The terms "comprising" and "having," and any variations thereof, in the description and claims of this application and the drawings described herein are intended to cover non-exclusive inclusions. For example, a process, method, system, article, or apparatus that comprises a list of steps or elements is not limited to only those steps or elements listed, but may alternatively include other steps or elements not listed, or inherent to such process, method, article, or apparatus.
First, a part of vocabulary and application scenarios related to the embodiments of the present application will be described.
Article (Article): the sub-character string is embedded in a static hypertext Markup Language (HTML) character string and takes < article > </article > as a mark.
Inline keyword (Tag): keywords embedded in articles and used for marking the articles belong to an article classification mode, and one article may contain one or more embedded keywords.
The next set of keyword sets refers to a set of other keywords that may be of interest to the user that are related to the current set of keywords.
Fig. 1 is a schematic diagram of a system architecture according to an embodiment of the present application. As shown in fig. 1, the system architecture of the embodiment of the present application may include, but is not limited to:electronic device 11 and server 12.
Theelectronic device 11 and the server 12 may be connected via a network.
The method provided by the embodiment of the application can be realized by an electronic device such as a processor executing corresponding software codes, and can also be realized by an electronic device performing data interaction with a controller while executing the corresponding software codes.

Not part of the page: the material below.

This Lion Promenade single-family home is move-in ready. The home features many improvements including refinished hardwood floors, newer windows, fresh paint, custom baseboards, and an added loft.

In the related art, associated articles are generally queried based on a set of keywords. However, with the development of the internet, more and more information is provided on the internet, and it takes a long time for a user to search for a related target article from a large amount of information, so that the data query efficiency is low.
In the query method of the embodiment of the application, at least one keyword input by a user is acquired, a next keyword set is found and returned according to a matching result of a character string of the input keyword, and then an associated article is found according to the next keyword set.

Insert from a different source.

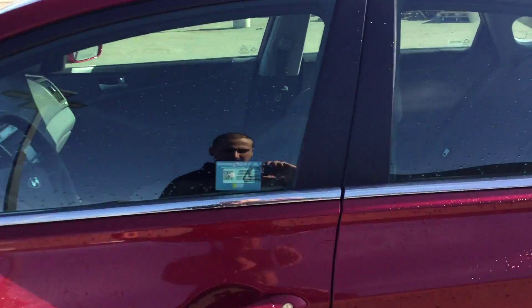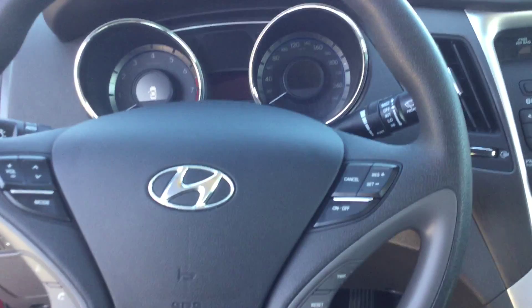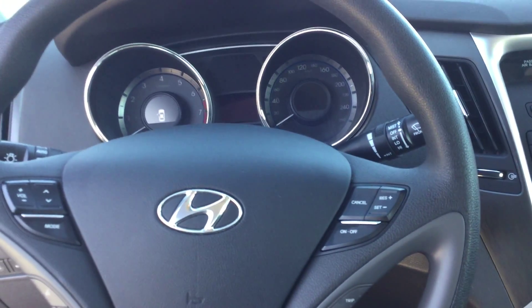Hello Marie, this is a video on the 2014 Sonata you inquired about. Just wanted to show you some of the key features it has.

The technical idea of the method of the embodiment of the application is as follows: by storing the corresponding relationship between the first index information corresponding to the first keyword set and the second index information corresponding to the second keyword set in advance and the corresponding relationship between the index information corresponding to the keyword set and the index value of the query result, the time consumption during query is reduced, namely, the next group of keyword sets corresponding to the first keyword set, namely, the second keyword set and the target query result finally corresponding to the keyword sets can be quickly determined, and the query efficiency is improved.
The scheme of the embodiment of the application aims to enable a user to obtain more detailed information through a selected single keyword or a plurality of keywords. For example, in the field of network customer service, most users generally do not know what type of customer service they need. If some preset keywords can be provided for the user, the user can select a keyword most relevant to the problems encountered by the user as a starting keyword, and continuously filter the query of the user according to the next set of provided keyword sets until a query result matched with the keyword set selected by the user is obtained.
In the following embodiments of the present application, the query result is described by taking the article as an example, which is not limited in the embodiments of the present application.
For convenience of explaining the method of the embodiment of the present application, the following assumptions are made:
1. in the embodiment of the application, the article is a complete HTML character string, and is identified by an < article > </article > tag, and the keyword list embedded in the article is used as the attribute of the < article > tag, but some articles may not have embedded keywords. Such as: the keyword data-tags is characterized in that the keyword class is ' article ', the id is ' 12345 ', the keyword data-tags is ' C, A, B ' > < h2> S1</h2 </article ', and the values C, A and B of the data-tags attribute are the embedded keyword set. For another example, the article has no embedded keyword, and the article class is "article" id is "12345" > < h2> S1</h2> </article >.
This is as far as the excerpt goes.